In December 2025, the company embarked on one of its most extensive network expansion programmes, backed by significant spectrum acquisitions and capacity upgrades. The additional bandwidth has translated into improved data speeds, reduced congestion and more stable voice and data sessions, particularly during peak usage periods.
Beyond spectrum, the operator is scaling its physical presence. Thousands of LTE sites are already operational nationwide, with hundreds more currently in deployment and over 1,000 additional sites planned for rollout in the coming months. This expansion cuts across urban centres and underserved rural communities, strengthening broadband reach where it is needed most.

The NCC–Ookla performance metrics are also highlighting improvements in areas often overlooked in public discourse, such as network reliability along major highways. With commerce and social life heavily dependent on road travel, maintaining stable connectivity on transit routes has become an important performance indicator. Reinforced fibre routes and improved microwave backhaul along key corridors are helping to reduce dropped connections and weak signals for users on the move.
In bridging the long-standing urban rural performance gap, Glo’s ongoing fibre-to-site deployments and legacy site upgrades are narrowing disparities in service quality. Communities that previously struggled with inconsistent signals are beginning to experience more reliable data access.
The Commission’s assessment of 5G readiness further underscores the importance of strong foundational networks.
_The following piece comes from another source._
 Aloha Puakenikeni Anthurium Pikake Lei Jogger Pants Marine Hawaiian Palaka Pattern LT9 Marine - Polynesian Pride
Rather than rushing headline deployments, the focus on strengthening 4G coverage, fibre connectivity and device readiness ensures that future upgrades rest on stable ground.
Even user-device experience is part of the conversation. Insights from the NCC Ookla data suggest that efficient networks reduce repeated signal attempts and unnecessary retransmissions, which in turn can affect battery consumption and device temperature. Network optimisation, therefore, is influencing not only speed but also user comfort.
For many Nigerians, these improvements are tangible. Small businesses depend on steady connectivity for daily operations. Students rely on uninterrupted access for learning. Families communicate and transact with fewer frustrations.
According to Olusegun Adeleye, a subscriber in Ibadan, “With Glo, I just connect and go.”
Behind these developments is a regulatory environment that prizes measurable outcomes and public accountability. By embracing independent analytics, the NCC has strengthened public confidence in how network performance is assessed.
As performance data becomes central to the industry conversation, the relationship between regulatory oversight and operator investment is becoming clearer. One sets the standards. The other rises to meet them.
Together, they are gradually redefining what reliable connectivity means for Nigeria’s digital future.